Given information -
★ ★ ★ ★

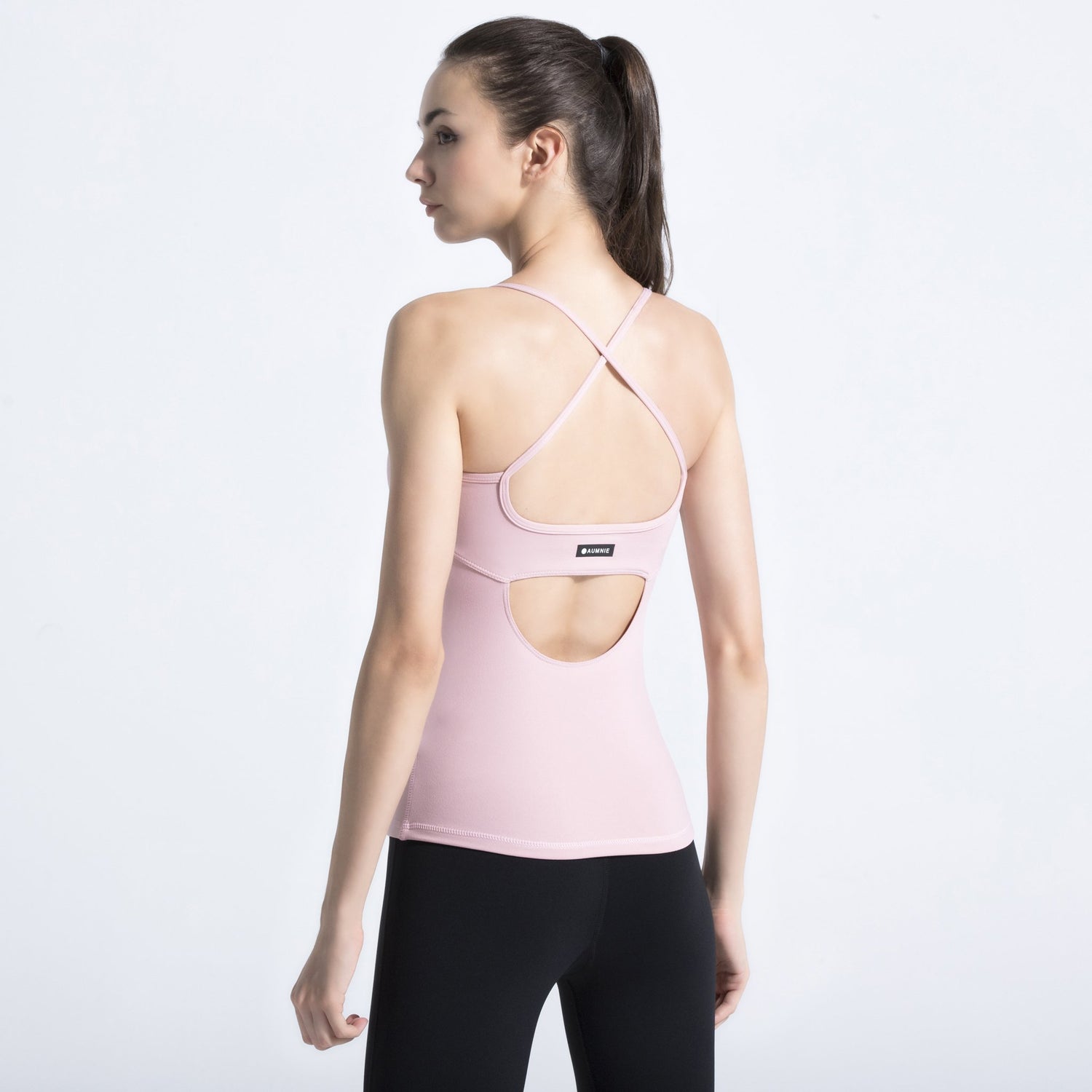 ATTRACTION TANK, BLUSH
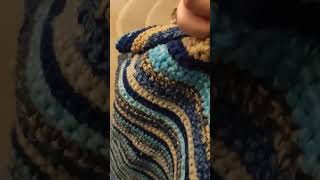 mom&#39;s crochet🤗#crochettok #crochettutorial #crochetersoftiktok #crochet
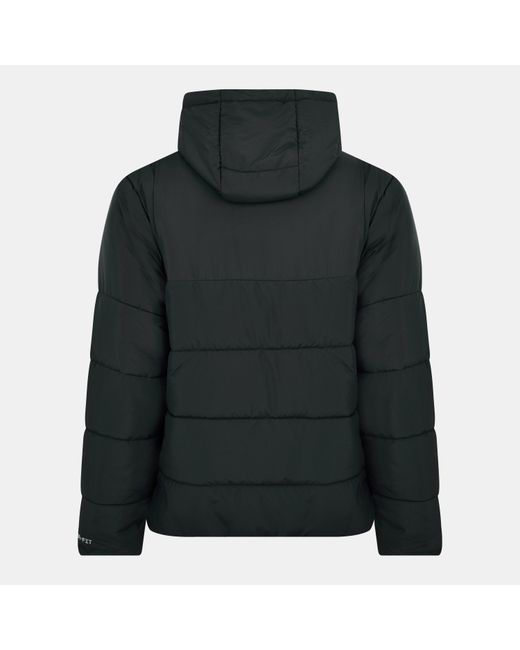 Nike Black Puffer Jacket for men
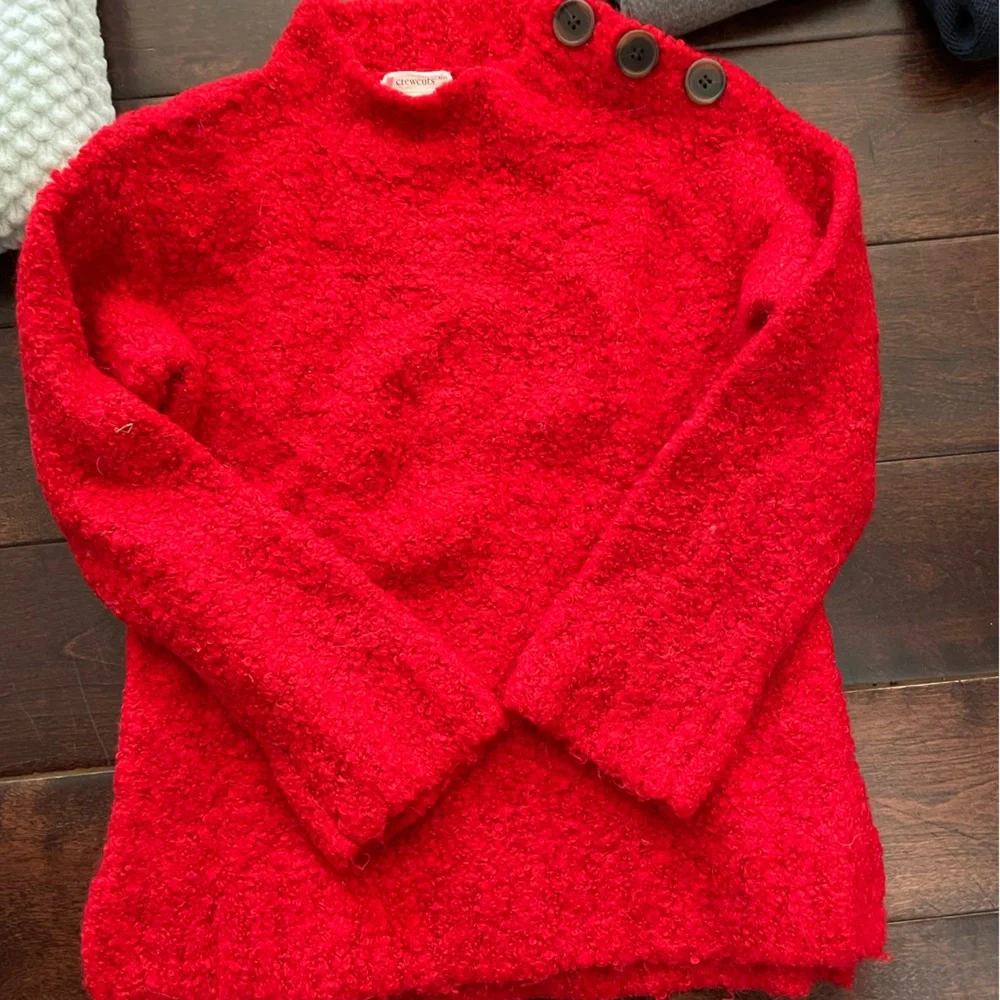 Variety of sweaters from crewcuts, mini Boden, Hanna Andersons, etc - Picture 2 of 6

★ ★ ★ ★

What is expected -
The images are to be left out; every line above should be set down exactly.

Output below -
 ATTRACTION TANK, BLUSH
 mom&#39;s crochet🤗#crochettok #crochettutorial #crochetersoftiktok #crochet
 Nike Black Puffer Jacket for men
 Variety of sweaters from crewcuts, mini Boden, Hanna Andersons, etc - Picture 2 of 6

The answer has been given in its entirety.